## How to complete this task
When you return the material, keep every line exactly as it is and omit the pictures.
Top of Data block
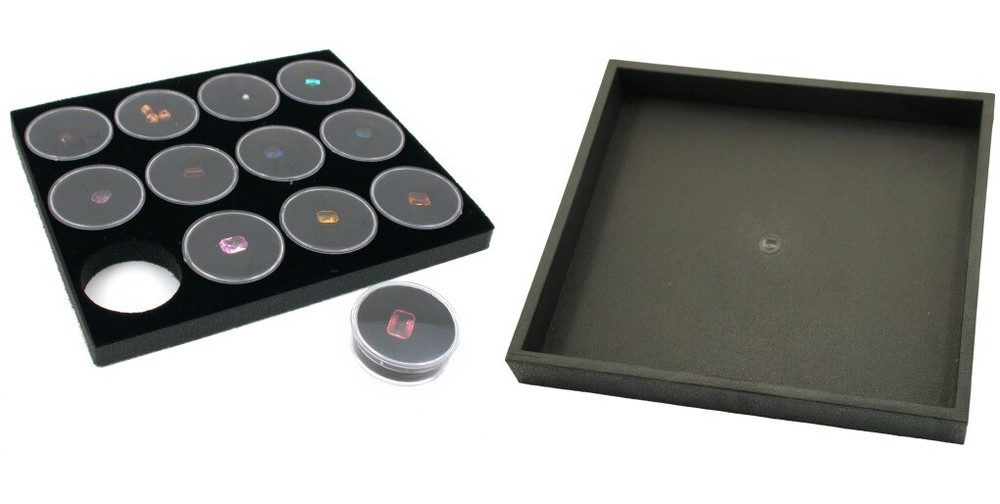 Black Open Square Stackable Jewelry Display Tray w/ Black Foam 12 Gem Jar Insert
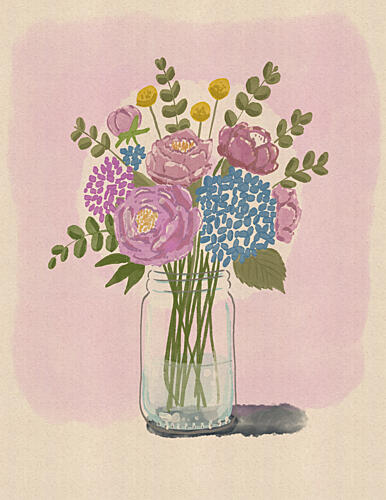 Fresh Mason Jar Flowers Art Print by Debbie Nicholas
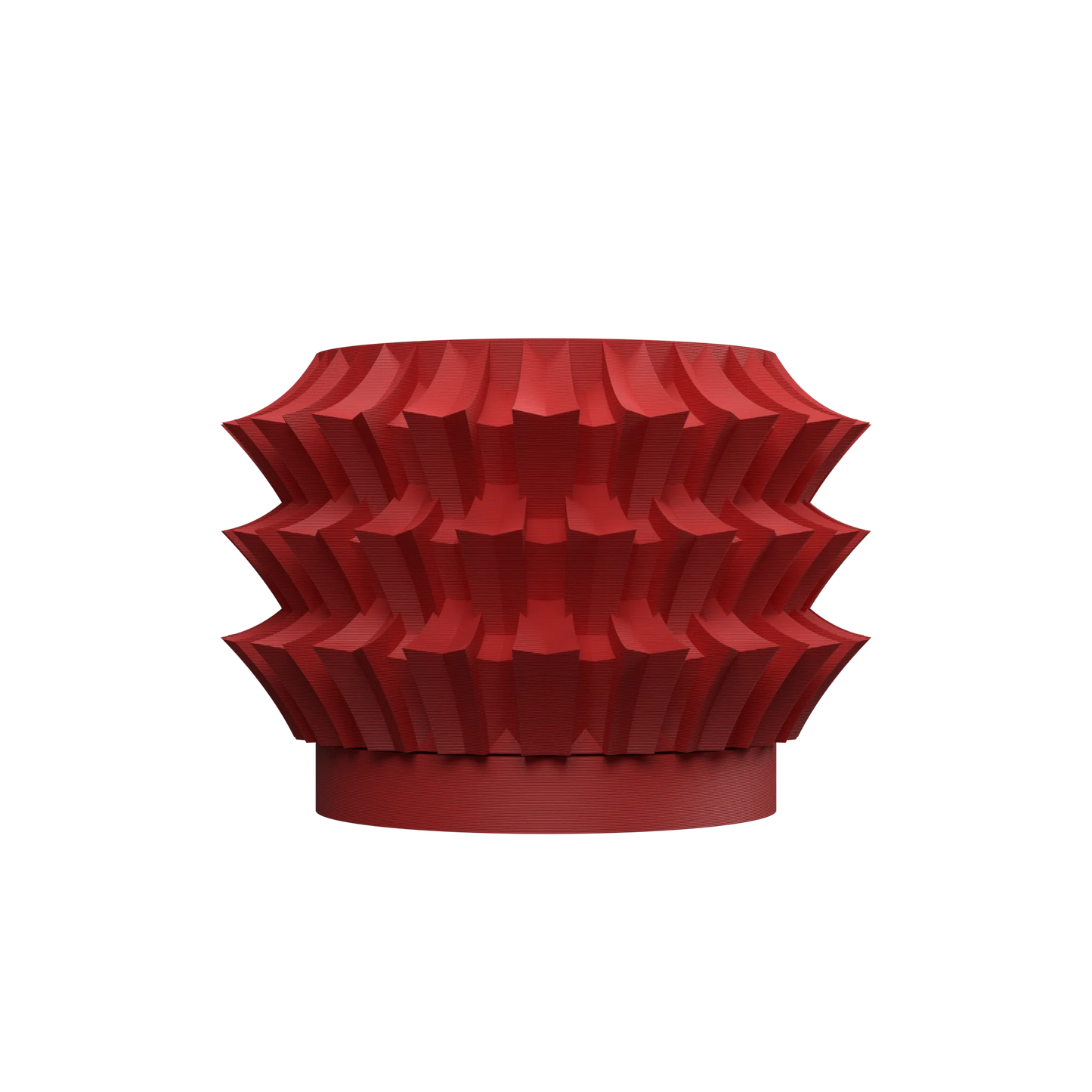 Pot décoratif rouge vif en plastique moderne avec motifs géométriques en relief empilés en forme d’anneaux.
Bottom of Data block
## Exercise response
 Black Open Square Stackable Jewelry Display Tray w/ Black Foam 12 Gem Jar Insert
 Fresh Mason Jar Flowers Art Print by Debbie Nicholas
 Pot décoratif rouge vif en plastique moderne avec motifs géométriques en relief empilés en forme d’anneaux.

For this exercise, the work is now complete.